Not intervening soon enough is a failure to rescue. There are complex factors that contribute to a failure to rescue:

  • There may be a failure to monitor.
  • The frequency of checking the patient’s blood pressure, heart rate and respiratory rate may not be sufficient to detect deterioration.

Understaffing nursing units contribute to the incidence of failure to rescue. Nurses are the surveillance system needed to recognize and prevention patient deterioration. They are subject to interruptions, distractions, fatigue, chaos, burnout, communication failures and other emergencies.

There may be a failure to recognize the patient’s condition is deteriorating. This may occur because of variations in the healthcare staff’s knowledge and skills. They may be inexperienced.

A barrier to escalating the care is another category of factors that contribute to failure to rescue. Staff may not know how to use the chain of command. Or the staff don’t communicate the urgency of the situation. The staff may fear a negative response or be bullied and intimidated by a person of authority. The staff may lack an effective method of communicating concerns about patients.

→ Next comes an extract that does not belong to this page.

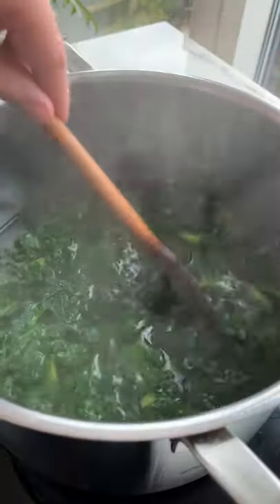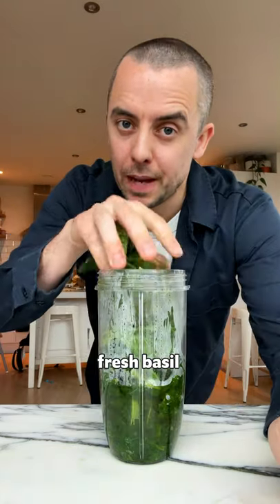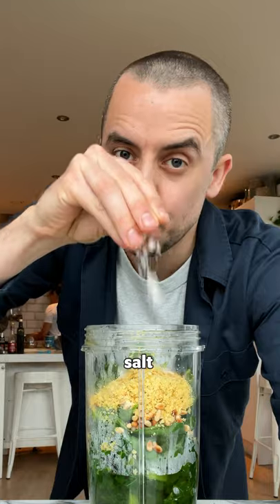First boil some kale for five minutes. Add your cooked kale to a blender, along with cooking water from the kale, fresh basil, toasted pine nuts, nutritional yeast, salt and pepper.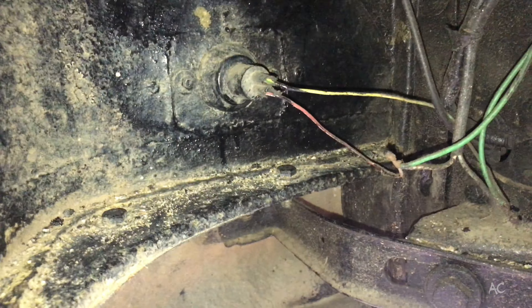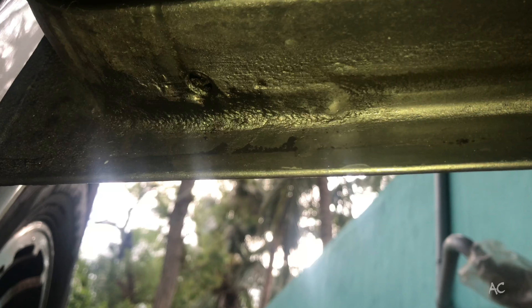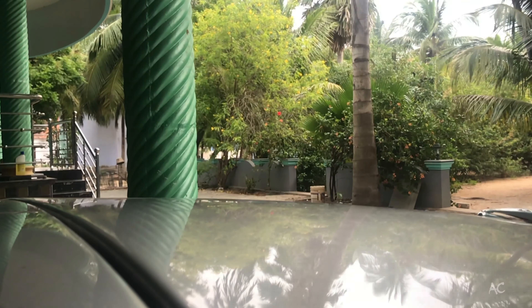Check the drain holes on the door bottom — they may be blocked by grease when it was applied to the inner side of the door. These holes are used to drain water from the door.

The delay in seeing early warning signs may be related to failures in planning, communication and recognition of deterioration.

Prevention of Failure to Rescue

Prevention of incidents of failure to rescue hinges on several interrelated approaches. Patients who are at risk for a failure to rescue are proactively identified. For example, patients at risk for respiratory depression include people who are obese and don’t breathe deeply, have sleep apnea, are receiving pain medication and sedatives, or have a tracheostomy.

It is important that patients with infections be identified early and treated aggressively with antibiotics.

The early diagnosis and treatment of patients who are bleeding is also essential. Changes in blood pressure, pulse and color as well as dropping hemoglobin levels may signify bleeding.

Nursing responsibilities are being restructured to allow them to spend more time at the bedside. Practices that work include giving nurses cell phones, so they don’t have to wait at the nursing station for a return call, streamlining medical record charting, fixing inefficiencies in giving medications, and making rounds to address patient needs. Additional changes include reducing the amount of time nurses have to spend collecting equipment, and using a variety of methods to communicate, such as bedside change of shift reports, and multidisciplinary rounds.

Clinical staff must be trained to make regular observations, be attentive to early recognition of concerning changes, improve communication within the team and effectively react to early warning signs.

Other factors that relate to decreasing failure to rescue events include having a teaching hospital with medical students, interns and residents, having a high percentage of board-certified anesthesiologists, and using more specialized equipment.

Failure to rescue incidents can be reduced by anticipating and preparing for emergencies, paying attention to subtle signs of changes, and recognizing signs of potential complications.